The proposal involved farm buildings, a farm shop, teaching facilities and five dwellings on a 28ha holding that had at one point been the centre of pioneering work by a founder member of the Soil Association. However, all the existing farmhouses had later been sold off and enforcement action had been taken against various structures and caravans at the site.
The association's intention was to create a low-impact sustainable co-operative community operating and living on an organic and ecologically integrated farm.

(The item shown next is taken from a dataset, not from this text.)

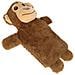 Borsa Dell'acqua Calda Rimovibile In Peluche Da 750 Ml Little Monkey, Marrone - Foto miniatura 3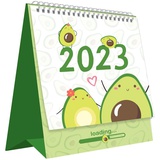 Календарь-домик 2023г., на гребне, MESHU "Avocado"  [MS_43587]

The inspector considered that the proposed buildings, access and car parking would noticeably urbanise a sylvan rural landscape protected by a local designation.

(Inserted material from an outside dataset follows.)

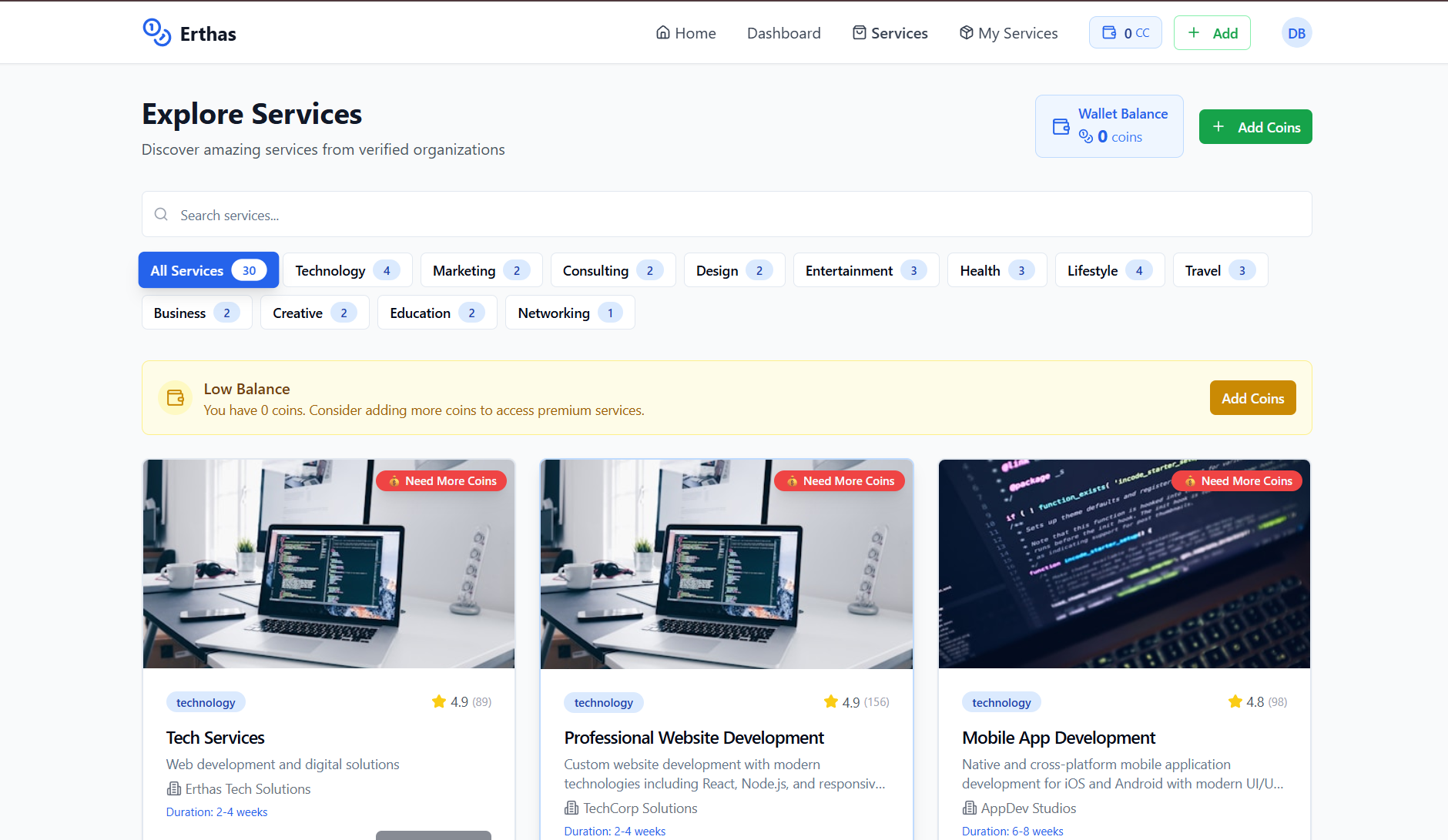 Explore Services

In considering the agricultural justification for the scheme, he accepted that a holding of this size should be capable of providing a viable business.
However, he noted that the proposal was not put forward in these terms and found no indication of what the holding might be capable of producing, how many people it could support and what sort of input was required for that to be achieved.

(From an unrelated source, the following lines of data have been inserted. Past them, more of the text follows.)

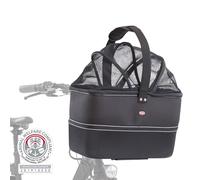 Cesto per cani per manubrio della bicicletta 41 × 47 × 29 cm nero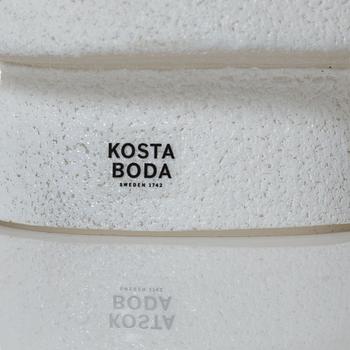 Kjell Engman, figurines, 3 pcs, glass, from the "Catwalk" series, Kosta Boda.
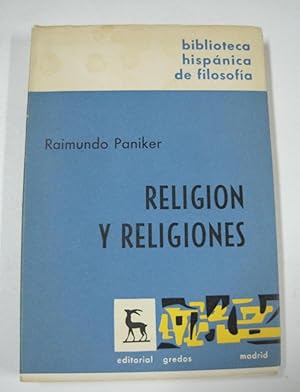 Imagen del vendedor de Religión y religiones, biblioteca hispánica de filosofía a la venta por Libros El Joven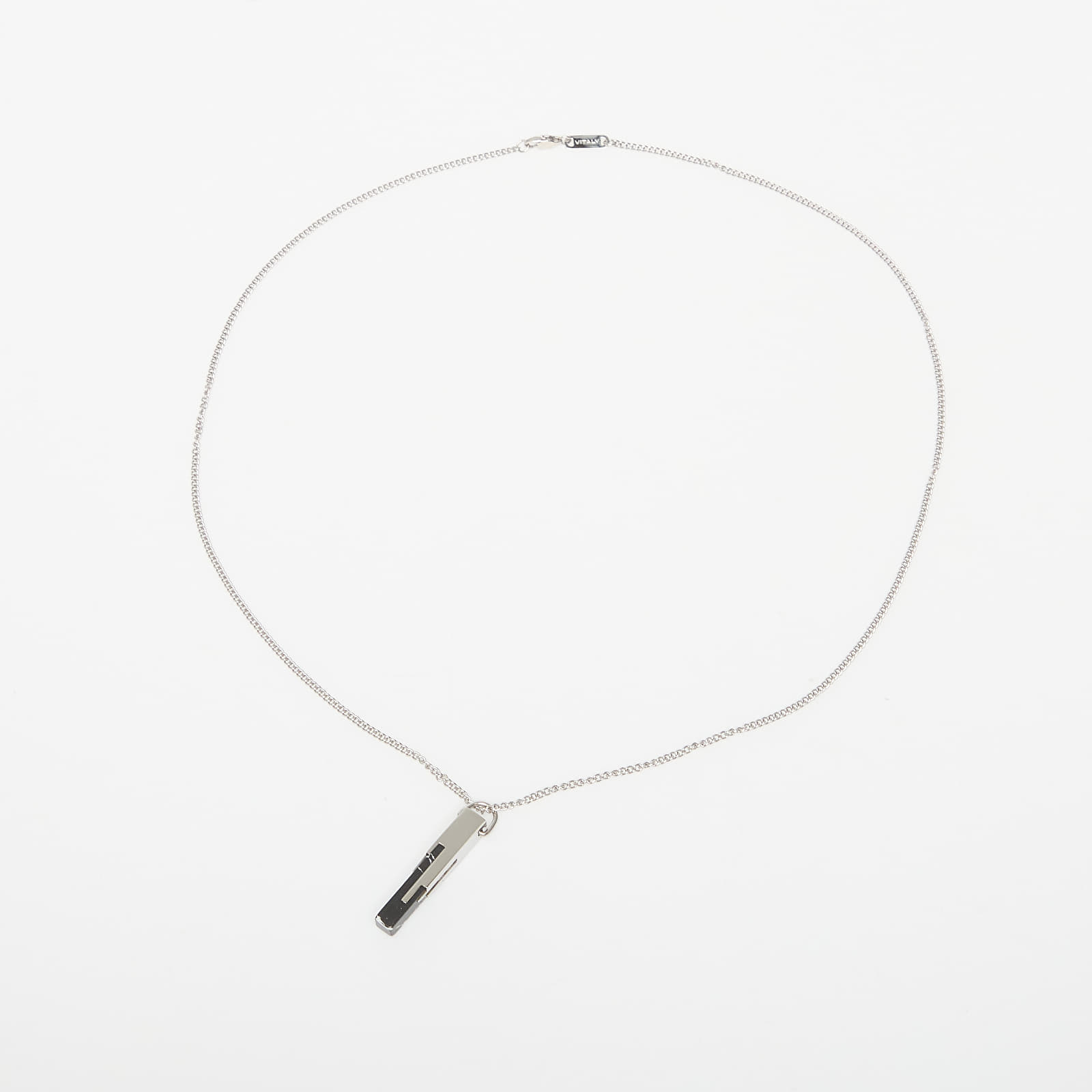 Halsketten Vitaly Glitch x Black Marble / Stainless Steel Silver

Apart from the fact that no management plan or business strategy had been put forward, he found it incredible that a need for five dwellings could be claimed while at the same time the people supposedly supporting the venture were systematically severing every existing structure that might contribute to meeting it.
The inspector took into account the fact that the holding had been the core of a pioneering organic farming enterprise in the past and government policy seeking to encourage a diverse and sustainable farming industry.
He agreed that an organic and ecologically integrated farm had the potential to meet those policy aims.
He referred to the court judgements in Petter and Harris v Secretary of State for the Environment, Transport and the Regions and Chichester District Council (1999) and Dartmoor National Park Authority v First Secretary of State (Planning, 7 February, p20), which supported the argument that the normal functional or financial tests should not be applied slavishly in such circumstances. However, he considered that the evidence required in terms of the adaptation of these tests to suit the special circumstances of the project was completely lacking. A promise that the co-operative would pursue a sustainable lifestyle was not an adequate substitute, he concluded.
The inspector concluded that if the special characteristics of the proposed farming operation were to justify permission, a legal entity such as a charitable trust that could control operations on and occupation of the land would need to enter into clearly enforceable undertakings. No such arrangement was in place and the land remained in the freehold of the company that had operated a pattern of disposal in the past, he noted.
DCS No: 41752032; Inspector: David Cullingford; Inquiry.
COMMENT: This proposal clearly stood no chance of winning planning permission given the lack of practical supporting information and adequate safeguards.
However, the case also shows that there is a way forward for projects with similar aims that could make a valuable contribution to many of the policy directions that the government purports to espouse. It may be that for such co-operatives to be acceptable within a planning framework rightly concerned with preventing sporadic development in the countryside, some form of government agency needs to be charged with the task of promoting and regulating suitable projects in planned locations.